The intent of the parties being to conform and comply fully with all laws
concerning usury applicable hereto or to the Obligations or any part thereof,
any agreement concerning interest in any of the foregoing shall be subject to
reduction to the amount allowed under the applicable laws with respect to usury,
as now or hereafter construed by the courts with jurisdiction thereof, and any
interest collected in excess of the amount authorized and permitted by such laws
shall be refunded to the person paying the same, or credited against the
Obligations.
(4) No delay or omission on the part of Secured Party in exercising any
right hereunder shall operate as a waiver of any such right or any other right.
A waiver on any one or more occasions shall not be construed as a bar to or
waiver of any right or remedy on any future occasion.
(5) The execution and delivery of this Security Agreement in no manner
shall impair or affect any other security (by endorsement or otherwise) for the
payment of the Obligations and no security taken hereafter as security for
payment of any part or all of the Obligations shall impair in any manner or
affect this Security Agreement, all such present and future additional security
to be considered as cumulative security. Any of the Collateral may be released
from this Security Agreement without altering, varying or diminishing in any way
the force, effect, lien, security interest, or charge of this Security Agreement
as to the Collateral not expressly released, and this Security Agreement shall
continue as a first lien, security interest and charge on all of the Collateral
not expressly released until all sums and indebtedness secured hereby have been
paid in full.

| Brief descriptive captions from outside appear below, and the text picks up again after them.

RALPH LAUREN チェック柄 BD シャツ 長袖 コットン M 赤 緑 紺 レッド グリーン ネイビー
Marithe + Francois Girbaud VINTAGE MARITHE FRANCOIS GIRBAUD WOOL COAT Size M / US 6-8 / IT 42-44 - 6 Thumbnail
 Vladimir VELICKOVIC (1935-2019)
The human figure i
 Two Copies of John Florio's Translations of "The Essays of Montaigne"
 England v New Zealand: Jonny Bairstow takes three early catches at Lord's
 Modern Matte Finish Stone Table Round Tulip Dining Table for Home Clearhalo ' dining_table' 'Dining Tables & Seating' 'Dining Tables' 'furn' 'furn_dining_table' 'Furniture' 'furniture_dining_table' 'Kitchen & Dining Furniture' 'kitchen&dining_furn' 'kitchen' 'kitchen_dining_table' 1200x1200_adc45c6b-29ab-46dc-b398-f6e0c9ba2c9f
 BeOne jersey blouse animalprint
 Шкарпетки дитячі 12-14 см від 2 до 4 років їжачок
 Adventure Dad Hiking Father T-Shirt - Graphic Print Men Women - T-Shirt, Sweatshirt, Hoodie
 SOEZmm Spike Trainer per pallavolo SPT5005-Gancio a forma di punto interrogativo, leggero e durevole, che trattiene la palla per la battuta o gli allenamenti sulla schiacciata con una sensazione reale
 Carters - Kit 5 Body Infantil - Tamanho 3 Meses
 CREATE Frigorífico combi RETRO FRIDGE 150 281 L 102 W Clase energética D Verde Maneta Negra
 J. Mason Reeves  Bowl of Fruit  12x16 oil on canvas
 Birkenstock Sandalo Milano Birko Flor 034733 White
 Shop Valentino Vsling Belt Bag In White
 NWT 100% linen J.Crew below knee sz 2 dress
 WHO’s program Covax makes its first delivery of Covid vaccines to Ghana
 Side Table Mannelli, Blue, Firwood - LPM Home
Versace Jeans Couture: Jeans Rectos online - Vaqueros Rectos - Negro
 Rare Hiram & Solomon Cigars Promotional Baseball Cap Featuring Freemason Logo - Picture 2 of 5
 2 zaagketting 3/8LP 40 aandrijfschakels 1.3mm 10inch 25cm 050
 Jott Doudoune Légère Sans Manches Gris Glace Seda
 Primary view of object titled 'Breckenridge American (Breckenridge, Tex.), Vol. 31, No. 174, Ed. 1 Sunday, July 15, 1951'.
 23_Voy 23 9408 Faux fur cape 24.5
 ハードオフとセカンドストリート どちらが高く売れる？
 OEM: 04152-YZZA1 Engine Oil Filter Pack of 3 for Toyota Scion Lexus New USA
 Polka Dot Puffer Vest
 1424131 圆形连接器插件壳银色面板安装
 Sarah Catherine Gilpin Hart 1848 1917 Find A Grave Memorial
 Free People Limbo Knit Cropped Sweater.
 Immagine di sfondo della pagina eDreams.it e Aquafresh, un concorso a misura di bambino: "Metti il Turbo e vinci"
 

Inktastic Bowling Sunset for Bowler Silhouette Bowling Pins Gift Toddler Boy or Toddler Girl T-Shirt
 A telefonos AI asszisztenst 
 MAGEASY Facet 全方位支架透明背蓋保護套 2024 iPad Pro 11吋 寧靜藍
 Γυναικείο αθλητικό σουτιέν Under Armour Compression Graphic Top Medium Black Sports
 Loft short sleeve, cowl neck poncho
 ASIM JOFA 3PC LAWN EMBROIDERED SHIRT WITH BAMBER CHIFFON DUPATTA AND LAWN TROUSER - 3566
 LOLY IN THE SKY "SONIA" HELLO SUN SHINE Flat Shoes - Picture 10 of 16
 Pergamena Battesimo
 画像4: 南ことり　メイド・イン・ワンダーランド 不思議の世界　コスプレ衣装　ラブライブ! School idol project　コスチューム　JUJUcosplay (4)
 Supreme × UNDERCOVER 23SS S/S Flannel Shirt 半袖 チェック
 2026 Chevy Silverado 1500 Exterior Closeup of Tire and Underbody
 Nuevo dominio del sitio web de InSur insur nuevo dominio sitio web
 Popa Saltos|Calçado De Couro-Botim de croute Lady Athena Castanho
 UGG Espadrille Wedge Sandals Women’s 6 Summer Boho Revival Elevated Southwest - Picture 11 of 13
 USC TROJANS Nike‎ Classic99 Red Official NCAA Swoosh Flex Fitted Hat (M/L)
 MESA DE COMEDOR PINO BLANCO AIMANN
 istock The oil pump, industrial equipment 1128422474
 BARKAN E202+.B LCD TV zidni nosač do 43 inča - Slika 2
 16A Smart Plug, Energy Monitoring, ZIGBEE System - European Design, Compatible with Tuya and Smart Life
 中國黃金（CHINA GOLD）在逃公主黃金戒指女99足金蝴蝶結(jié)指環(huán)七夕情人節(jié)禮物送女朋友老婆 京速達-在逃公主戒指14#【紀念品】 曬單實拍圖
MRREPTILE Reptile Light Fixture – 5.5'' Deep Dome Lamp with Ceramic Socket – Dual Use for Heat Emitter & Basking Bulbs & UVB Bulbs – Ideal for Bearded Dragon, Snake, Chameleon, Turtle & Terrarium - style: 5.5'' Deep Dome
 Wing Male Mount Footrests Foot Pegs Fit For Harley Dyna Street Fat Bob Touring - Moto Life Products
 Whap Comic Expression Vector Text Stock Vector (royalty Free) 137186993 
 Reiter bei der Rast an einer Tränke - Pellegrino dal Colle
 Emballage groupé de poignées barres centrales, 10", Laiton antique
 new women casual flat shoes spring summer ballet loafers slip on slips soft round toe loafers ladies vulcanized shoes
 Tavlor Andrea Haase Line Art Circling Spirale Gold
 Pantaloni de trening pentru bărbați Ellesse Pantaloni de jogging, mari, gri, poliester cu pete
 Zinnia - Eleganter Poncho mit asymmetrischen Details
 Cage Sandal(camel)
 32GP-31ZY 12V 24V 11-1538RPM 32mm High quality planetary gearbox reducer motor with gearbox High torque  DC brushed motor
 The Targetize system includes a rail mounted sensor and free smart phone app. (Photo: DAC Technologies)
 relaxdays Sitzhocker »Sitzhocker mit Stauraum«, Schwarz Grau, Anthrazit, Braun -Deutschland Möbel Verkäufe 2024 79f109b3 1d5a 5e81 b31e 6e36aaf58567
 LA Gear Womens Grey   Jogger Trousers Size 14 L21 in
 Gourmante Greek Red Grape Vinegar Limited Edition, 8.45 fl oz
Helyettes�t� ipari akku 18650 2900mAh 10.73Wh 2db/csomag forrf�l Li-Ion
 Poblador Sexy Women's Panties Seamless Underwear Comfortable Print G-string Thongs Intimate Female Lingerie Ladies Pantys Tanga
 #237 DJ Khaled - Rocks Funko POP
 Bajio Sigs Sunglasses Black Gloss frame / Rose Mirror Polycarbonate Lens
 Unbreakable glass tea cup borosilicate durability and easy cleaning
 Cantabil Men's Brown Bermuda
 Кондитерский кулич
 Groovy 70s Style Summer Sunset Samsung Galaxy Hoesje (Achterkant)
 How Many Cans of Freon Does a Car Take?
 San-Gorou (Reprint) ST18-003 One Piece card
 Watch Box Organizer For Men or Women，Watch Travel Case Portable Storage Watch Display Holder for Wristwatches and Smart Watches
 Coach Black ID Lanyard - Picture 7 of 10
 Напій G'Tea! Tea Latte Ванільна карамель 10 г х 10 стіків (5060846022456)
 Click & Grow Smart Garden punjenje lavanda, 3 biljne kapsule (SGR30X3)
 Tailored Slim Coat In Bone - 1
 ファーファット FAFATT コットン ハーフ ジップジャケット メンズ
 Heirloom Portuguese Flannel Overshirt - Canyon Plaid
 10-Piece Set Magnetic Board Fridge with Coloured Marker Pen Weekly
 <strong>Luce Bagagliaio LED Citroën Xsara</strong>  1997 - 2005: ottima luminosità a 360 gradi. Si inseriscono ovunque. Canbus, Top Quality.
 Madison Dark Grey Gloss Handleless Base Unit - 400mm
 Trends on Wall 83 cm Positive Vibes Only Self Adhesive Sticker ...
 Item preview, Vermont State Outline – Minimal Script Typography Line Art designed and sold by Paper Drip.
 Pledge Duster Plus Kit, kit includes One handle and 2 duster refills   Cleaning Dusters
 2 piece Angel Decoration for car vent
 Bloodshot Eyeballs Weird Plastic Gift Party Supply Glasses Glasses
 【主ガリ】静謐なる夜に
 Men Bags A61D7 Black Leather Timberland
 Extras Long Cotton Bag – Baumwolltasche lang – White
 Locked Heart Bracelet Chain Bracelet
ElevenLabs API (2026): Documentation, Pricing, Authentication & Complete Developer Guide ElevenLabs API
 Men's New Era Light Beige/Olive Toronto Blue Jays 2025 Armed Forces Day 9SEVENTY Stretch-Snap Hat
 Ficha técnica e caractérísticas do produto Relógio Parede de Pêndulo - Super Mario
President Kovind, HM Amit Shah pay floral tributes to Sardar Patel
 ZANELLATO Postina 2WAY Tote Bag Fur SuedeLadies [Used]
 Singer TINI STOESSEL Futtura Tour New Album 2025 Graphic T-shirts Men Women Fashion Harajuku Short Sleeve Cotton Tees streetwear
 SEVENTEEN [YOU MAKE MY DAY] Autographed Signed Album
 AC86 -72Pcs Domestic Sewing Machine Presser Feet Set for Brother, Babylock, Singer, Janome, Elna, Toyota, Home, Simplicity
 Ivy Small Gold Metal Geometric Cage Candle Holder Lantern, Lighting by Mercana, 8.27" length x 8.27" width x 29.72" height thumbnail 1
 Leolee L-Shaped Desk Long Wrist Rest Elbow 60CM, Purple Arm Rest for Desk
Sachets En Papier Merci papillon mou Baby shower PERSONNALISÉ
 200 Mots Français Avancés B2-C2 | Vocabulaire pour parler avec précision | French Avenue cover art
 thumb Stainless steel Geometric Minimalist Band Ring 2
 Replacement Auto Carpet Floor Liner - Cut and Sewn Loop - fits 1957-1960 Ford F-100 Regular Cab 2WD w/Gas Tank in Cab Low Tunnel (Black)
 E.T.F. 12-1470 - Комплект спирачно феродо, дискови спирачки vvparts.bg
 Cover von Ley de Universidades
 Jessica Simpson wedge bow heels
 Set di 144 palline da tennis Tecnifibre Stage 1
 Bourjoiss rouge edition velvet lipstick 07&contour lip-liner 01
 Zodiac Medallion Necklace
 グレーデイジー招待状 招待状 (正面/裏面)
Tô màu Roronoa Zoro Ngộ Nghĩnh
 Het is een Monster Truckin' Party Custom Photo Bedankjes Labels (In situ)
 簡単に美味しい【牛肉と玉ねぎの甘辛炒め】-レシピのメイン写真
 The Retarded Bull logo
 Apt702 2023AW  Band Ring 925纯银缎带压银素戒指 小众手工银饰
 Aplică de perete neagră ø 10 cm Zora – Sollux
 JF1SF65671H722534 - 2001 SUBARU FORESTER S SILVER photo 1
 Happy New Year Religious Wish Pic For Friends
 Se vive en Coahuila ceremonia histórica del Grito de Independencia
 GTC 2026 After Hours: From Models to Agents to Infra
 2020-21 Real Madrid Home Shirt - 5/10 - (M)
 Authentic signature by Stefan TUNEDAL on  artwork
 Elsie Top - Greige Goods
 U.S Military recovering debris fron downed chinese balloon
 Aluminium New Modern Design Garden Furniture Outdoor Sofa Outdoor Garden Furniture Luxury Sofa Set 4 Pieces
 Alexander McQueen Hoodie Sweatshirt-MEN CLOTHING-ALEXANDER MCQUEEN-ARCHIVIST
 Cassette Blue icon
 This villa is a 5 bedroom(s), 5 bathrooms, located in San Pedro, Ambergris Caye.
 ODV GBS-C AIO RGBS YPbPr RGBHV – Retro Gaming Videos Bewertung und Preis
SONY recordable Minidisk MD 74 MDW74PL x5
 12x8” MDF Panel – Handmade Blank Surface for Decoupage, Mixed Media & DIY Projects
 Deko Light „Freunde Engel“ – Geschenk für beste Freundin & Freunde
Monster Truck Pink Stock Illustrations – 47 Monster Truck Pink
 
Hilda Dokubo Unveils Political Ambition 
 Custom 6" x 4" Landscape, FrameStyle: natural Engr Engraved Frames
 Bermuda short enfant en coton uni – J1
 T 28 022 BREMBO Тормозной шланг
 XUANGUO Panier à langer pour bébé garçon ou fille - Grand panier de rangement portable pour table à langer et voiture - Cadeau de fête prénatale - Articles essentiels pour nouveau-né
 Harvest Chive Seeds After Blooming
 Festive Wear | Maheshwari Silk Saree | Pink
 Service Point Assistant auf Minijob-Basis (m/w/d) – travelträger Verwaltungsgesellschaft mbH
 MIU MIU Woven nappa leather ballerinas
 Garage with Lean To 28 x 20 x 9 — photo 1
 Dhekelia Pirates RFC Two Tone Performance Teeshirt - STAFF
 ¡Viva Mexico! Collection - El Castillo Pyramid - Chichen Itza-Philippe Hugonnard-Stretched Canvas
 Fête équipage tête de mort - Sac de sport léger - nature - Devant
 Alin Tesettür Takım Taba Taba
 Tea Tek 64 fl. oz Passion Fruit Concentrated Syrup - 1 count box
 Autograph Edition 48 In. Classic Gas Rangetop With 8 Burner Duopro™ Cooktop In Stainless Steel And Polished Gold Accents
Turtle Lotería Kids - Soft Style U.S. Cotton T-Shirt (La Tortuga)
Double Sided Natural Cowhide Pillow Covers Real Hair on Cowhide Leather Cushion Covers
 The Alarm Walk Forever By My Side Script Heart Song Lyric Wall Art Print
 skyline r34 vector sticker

Any future assignment or attempted assignment or transfer of the
interest of Debtor in and to any of the Collateral shall not deprive Secured
Party of the right to sell or otherwise dispose of or utilize all of the
Collateral as above provided or necessitate the sale or disposition thereof in
parcels or in severalty.
(6) Any notice or demand to Debtor hereunder or in connection herewith
may be given and shall conclusively be deemed and considered to have been given
and received upon the deposit thereof, in writing, in the United States mails,
duly stamped and addressed to Debtor either at the street address first shown
hereinabove or at the mailing address, if any, given for Debtor at the beginning
of this Security Agreement; but actual notice, however given or received, shall
always be effective.
(7) All rights of Secured Party hereunder shall inure to the benefit of
its successors and assigns; and all obligations of Debtor shall bind his heirs,
executors, or administrators, and his or its successors or assigns. If there be
more than one Debtor, their obligations hereunder shall be joint and several.
(8) Each term used in this Security Agreement, unless the context
otherwise requires, and in all events subject to any express definitions set
forth in this Security Agreement, shall be deemed to have the same meaning
herein as that given each such term under the Uniform Commercial Code, as
adopted and as amended in the State of Texas.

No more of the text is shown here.